Yes, we are correct on our exploration. British Indian Ocean Territory and Virgin Islands are the only 2 countries with more water area than land area.

## Which countries will add the most people to their populations next year?

In [42]:
%%sql
SELECT name, birth_rate
FROM facts
ORDER BY birth_rate DESC
LIMIT 5;

 * sqlite:///factbook.db
Done.


name,birth_rate
Niger,45.45
Mali,44.99
Uganda,43.79
Zambia,42.13
Burkina Faso,42.03


Niger, Mali, Uganda, Zambia and Burkina Faso are the top 5 countries with the highest birth rates. They are most likely to add the most people to their populations next year. And it is also interesting that all of the top 5 belong in the Africa continent.

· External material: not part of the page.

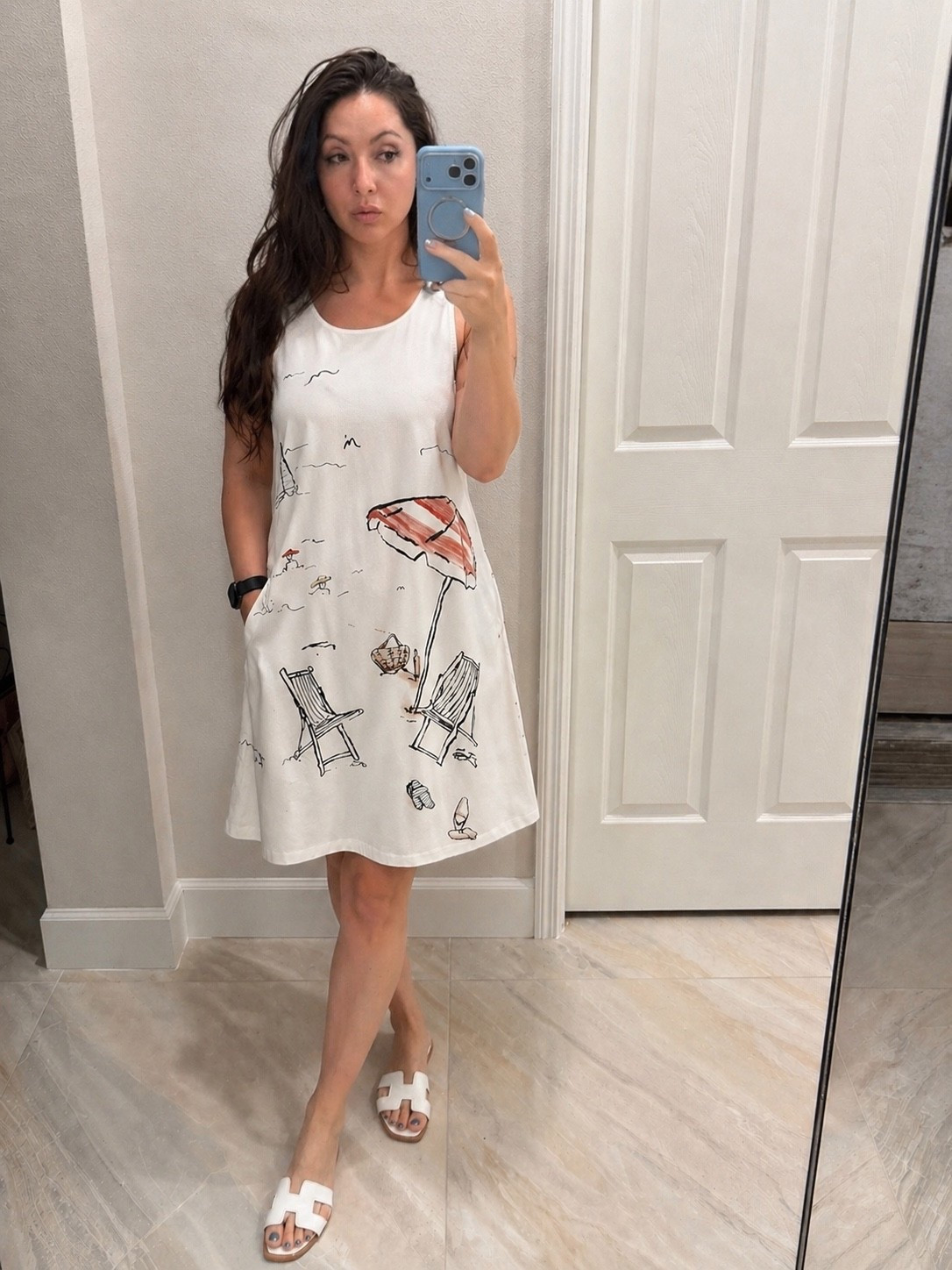 A really cute dress from Anthropologie! Total summer in Europe vibe!

#LTKOver40 #LTKSeasonal #LTKstorytime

## Which countries have a higher death rate than birth rate?

In [45]:
%%sql
SELECT name, death_rate, birth_rate
FROM facts
WHERE death_rate > birth_rate
ORDER BY death_rate DESC
LIMIT 10;

 * sqlite:///factbook.db
Done.


name,death_rate,birth_rate
Ukraine,14.46,10.72
Bulgaria,14.44,8.92
Latvia,14.31,10.0
Lithuania,14.27,10.1
Russia,13.69,11.6
Serbia,13.66,9.08
Belarus,13.36,10.7
Hungary,12.73,9.16
Moldova,12.59,12.0
Estonia,12.4,10.51


The top 10 countries with higher death rate than their birth rate are shown above. It is interesting that almost all of the countries are Slavic.

## Which countries have the highest population/area?

In [51]:
%%sql
SELECT name,population, area, ROUND(CAST(population AS FLOAT) / area) AS density
FROM facts 
ORDER BY ROUND(CAST(population AS FLOAT) / area) DESC
LIMIT 10;

 * sqlite:///factbook.db
Done.


name,population,area,density
Macau,592731,28,21169.0
Monaco,30535,2,15268.0
Singapore,5674472,697,8141.0
Hong Kong,7141106,1108,6445.0
Gaza Strip,1869055,360,5192.0
Gibraltar,29258,6,4876.0
Bahrain,1346613,760,1772.0
Maldives,393253,298,1320.0
Malta,413965,316,1310.0
Bermuda,70196,54,1300.0


The top 10 countries with the highest ratio of population over area are shown above.

# CONCLUSIONS

We have discovered many aspects for the dataset from the CIA countries of the world.

We have answered many questions to find out the top countries such as the highest populated, China, to Niger with the highest birth rate ratios. 

We have also shown top countries for population densities.